Hace millones de años, un intruso microscópico semejante a una bacteria invadió a nuestro organismo, entrando por la superficie de esas nuestras células. El intruso microbiano era un ser viviente, con su propio material genético para heredar, y con el cual se había reproducido desde siempre. Aunque el microbio invasor podría haber sido eliminado por nuestras implacables células defensoras, esto no ocurrió así. Nuestras células notaron, de algún modo, que el extraño microbio poseía una valiosa cualidad que nuestro cuerpo no tenía. Podía crear energía por sí mismo. Para ello le bastaba tomar ciertas sustancias desechadas por nuestro cuerpo y entonces las transformaba en estallidos de energía.

La energía creada por el microbio forastero era entregada en paquetes, a modo de moléculas sencillas llamadas “ATP”. Tal energía le vino muy bien a nuestras células que habían sido invadidas. Serían de utilidad para funciones vitales en nuestro cuerpo. Bien valía la pena tolerar a aquel intruso bacteriano.

Aunque el microorganismo sólo pedía alojamiento, también requería, de vez en cuando, algunas sustancias para construirse su propio cobijo o envoltura, y renovar así su cascarón. A cambio, entregaría la energía necesaria. Venga pues, el apreciado inquilino.

El intruso era una bacteria primitiva, muy semejante a muchas bacterias que ahora combatimos. Sólo que esta se quedó a vivir en el interior de nuestras células, como si fuera un parásito. El trato era justo: nuestro cuerpo permitiría su alojamiento y, a cambio, el microbio aportaría la energía. Era un acuerdo cuyo resultado sería el ganar-ganar.

Por la vida del microbio inquilino no habría que preocuparse. Este podría por sí mismo replicarse, pues conservaría su propio material genético para hacerlo. De hecho, no ocuparía el material genético de nuestras células anfitrionas, pues la información genética a heredar, de unas y otras, eran totalmente distintas. Mejor, cada quien se manejaría de forma independiente para heredar a su descendencia.

La reproducción del microorganismo invasor era y es como la de las bacterias actuales: alargando poco a poco su estructura para después partirse por mitad y dar origen a dos nuevos organismos. Así lo han hecho desde tiempos ancestrales y así lo seguirán haciendo hasta el final.

Tan bueno fue el acuerdo de fusión entre los dos seres vivientes, que ahora resultaba necesario asegurar, que los futuros individuos de nuestra especie humana tuviesen también dentro de sus nuevas células, a estos inquilinos proveedores de energía.

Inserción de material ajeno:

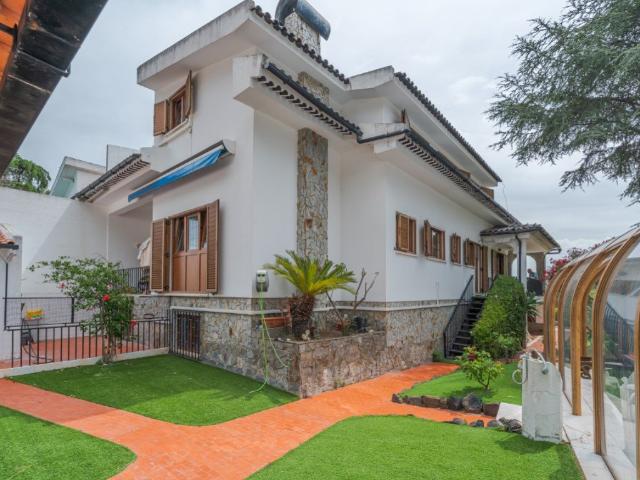 Moradia de Luxo em Caxias, Oeiras | 462 m² | Piscina Interio. 0m² Paco de Arcos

Para ello, habría que internarles adentro de las células encargadas de llevar el material genético para la creación de un nuevo ser humano. Así, los espermatozoides —las células reproductivas del varón— tuvieron que cargar a las generosas mitocondrias cual si fueran mochilas de viajero. De paso, estos pasajeros agregados le brindaron la energía necesaria para que pudiera desplazarse. Llevemos más inquilinos a los futuros edificios que habremos de construir. Así, ellos les proveerán de la energía. 

Por lo anterior se puede afirmar que la fecundación humana ocurrió gracias a la capacidad que tuvo la célula reproductora masculina para llegar hasta la célula reproductora de la mujer; que tal viaje fue posible porque tuvo la energía para desplazarse; y que tal energía fue aportada por el microrganismo invasor que ahora viajaría también rumbo a la creación de cada nuevo ser humano. El inquilino no sólo había tomado su lugar en el yate. Ahora manejaba su motor. Así, contribuyó en la creación de un nuevo individuo.

Una vez formada la primera célula del nuevo ser humano, esta se seguiría dividiendo, hasta construir de nuevo otro edificio, el cual sería el cuerpo de la nueva persona. Y adivinaron: en cada ladrillo —o sea en cada célula— irían ya por siempre, los amigables huéspedes con forma de cacahuate, como proveedores eternos de energía, para perpetuar la simbiótica unión de dos especies que eran distantes y que un día vieron conveniente existir uno dentro del otro.

Hace millones de años, un intruso parecido a una bacteria invadió nuestras primeras células. Y desde entonces, ese inquilino, ese huésped, convertido en mitocondria, sigue aquí, habitando el interior de nuestras células, para darnos por siempre la energía que ha de ser el sostén mutuo de nuestro propio paso por la vida.